Broken Age is a stealer example of both versions of this genre. Part I is more like Telltale, except with better puzzles. It's easy to get through, but still challenging. Part 2 goes back to the Sierra model though, with puzzles that make little sense and are insolvable for most casual and moderate gamers without a hint guide.
> Part 2 goes back to the Sierra model though, with puzzles that make little sense and are insolvable for most casual and moderate gamers without a hint guide.
Really? I don't remember having to look up hints a single time in part 2. The puzzles were more difficult, but definitely not "Sierra model". The solutions were logical if you paid attention, with the possible exception of the tree joke (I don't remember if that was part 1 or part 2).
The knot puzzle was probably the most annoying of them, but the problem with that one was having to take the long walk back and forth every time you failed.
> All the KQ games do seem poorly designed in retrospect but I do remember chugging through the first few of them through trial and error. I've wondered if that perseverance is something that is part of the stupid bullheadedness of youth (or the weakness of age), or if at the time, we just accepted that games were supposed to be unfair and cruel.
A) We've come a looong way in terms of game abilities, and design. Designers were learning a lot back then.
B) Games were expensive. I couldn't just go buy another game for ~$20 if I didn't like the one I had, so I stuck with it.
C) Games were logistically harder to come buy. I had to go to a store, then pick up a new one. Now I just download a new one without ever putting on pants.
A lot of it wasn't so much design inexperience as an intentional difference in design-style due to those factors B and C.
Where today we speak of "replay value", of games that you finish and then want to play again, no such concept existed back then. Instead, it was assumed that a game that was "beaten" (let alone "mastered") would be put away, and so a game should resist being beaten for as long as possible to make it "more worth the money."
This was partially the quarter-eating arcade-game philosophy leaking into home-console gaming, and partially the knowledge that parents want the $50 they spend on a distraction for their kids to stretch as long as possible.

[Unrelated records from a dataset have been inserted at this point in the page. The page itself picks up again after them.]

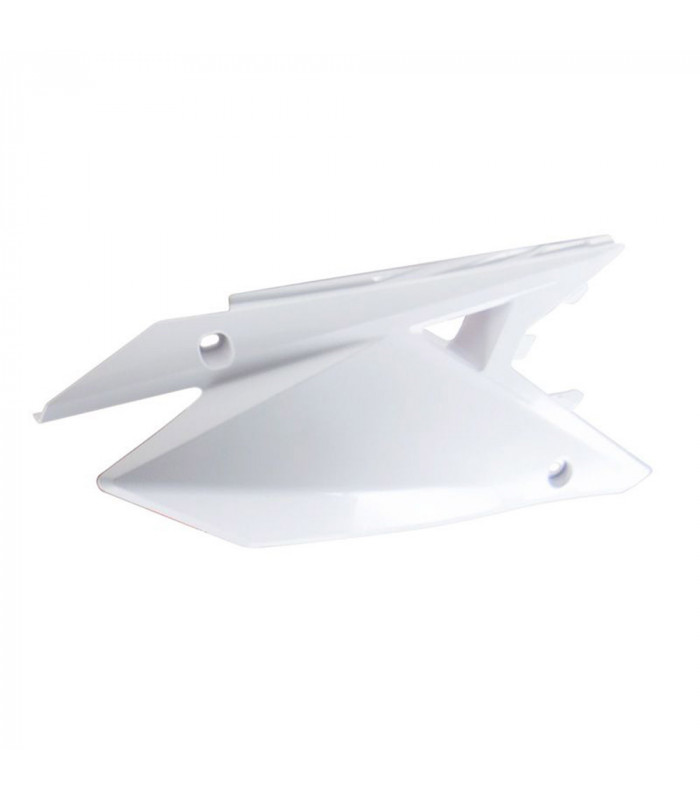 TAPAS LATERALES BLANCAS  SUZUKI RMZ 450 ' 2018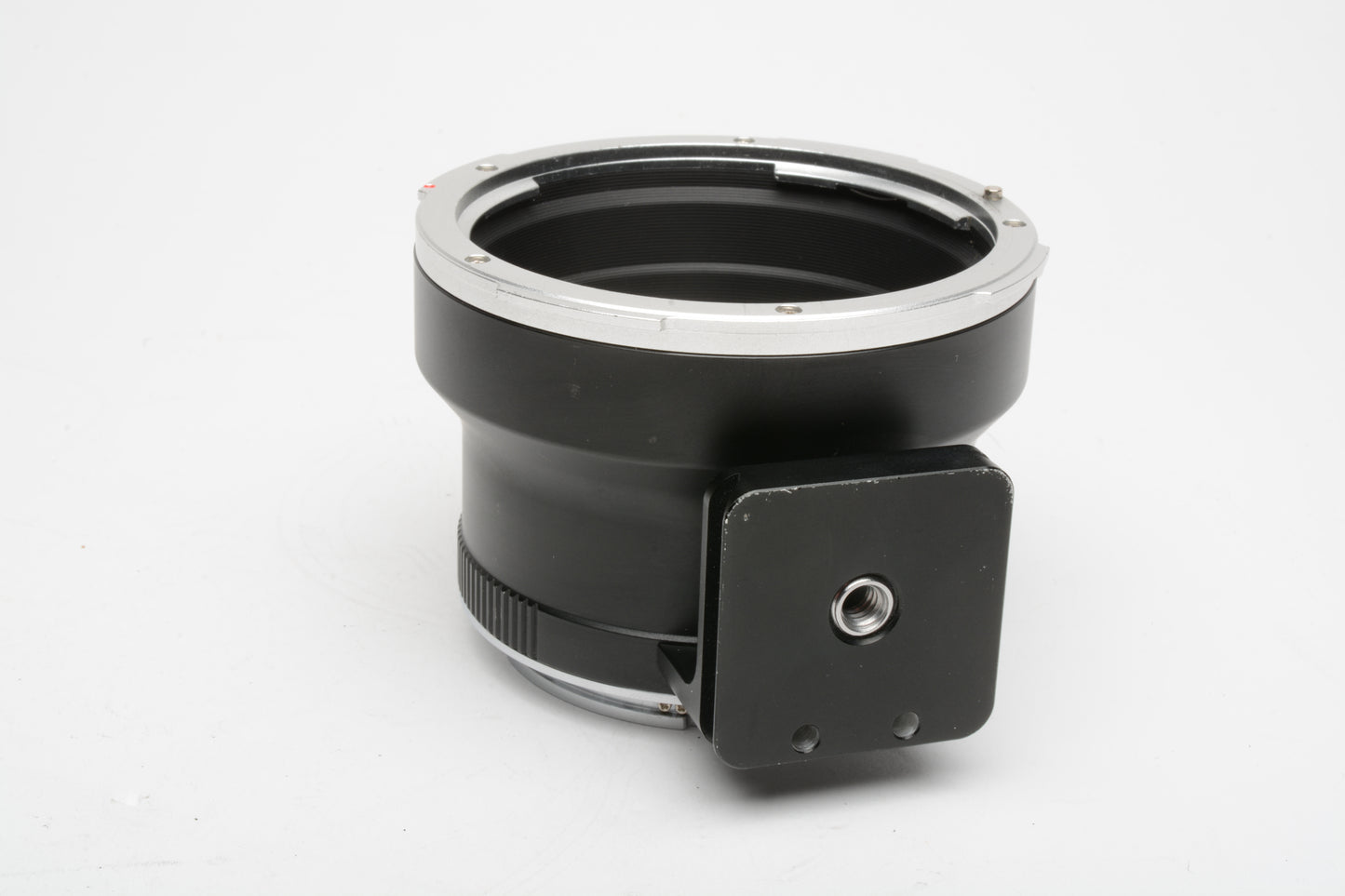 FotodioX Pentax 67 Lens to Fujifilm G-Mount adapter P67-GFX-PRO, Clean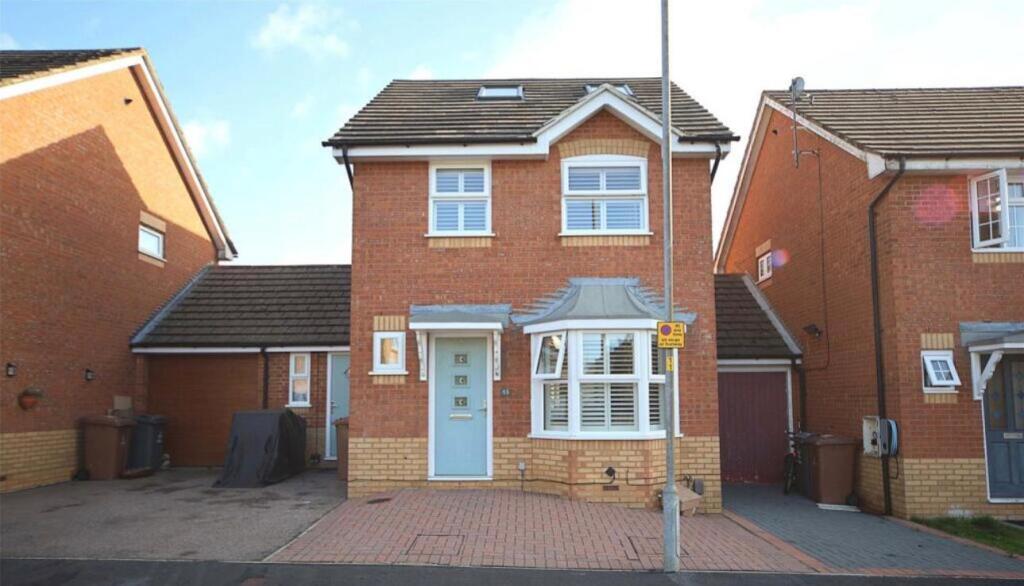 Main image of property: Wetherby Close, Stevenage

In the 80s, since games were size-limited (small tapes/cartridges and low memory headroom), this translated to games that were preternaturally challenging to stretch out their play-time. This is the classic "Nintendo Hard" game-design philosophy; but it's also responsible for grind-fest RPGs (another way of taking a small amount of content and padding it out.)
In the 90s, with lower size-limits, we instead saw the temporary emergence and flourishing of the really long game—everything was advertised by talking about how expansive the world was, and how many hours of content there were to get through. We still look back on this era as being responsible for the creation of many classic action-adventure and adventure-RPG games for this reason.
All this stopped when we hit the 3D era and art-asset production became the overriding cost of producing a game. Games weren't limited in "content" in the scenario/script sense, but they were limited in "content" in the unique-things-to-see sense. There was a temporary burst of interest in exploiting this divide directly (some early PSX games fiddled with procedural generation to overcome the problem), but this was limited to a few minor studios; the majority instead moved their games toward being increasingly high-production-value cinematic affairs.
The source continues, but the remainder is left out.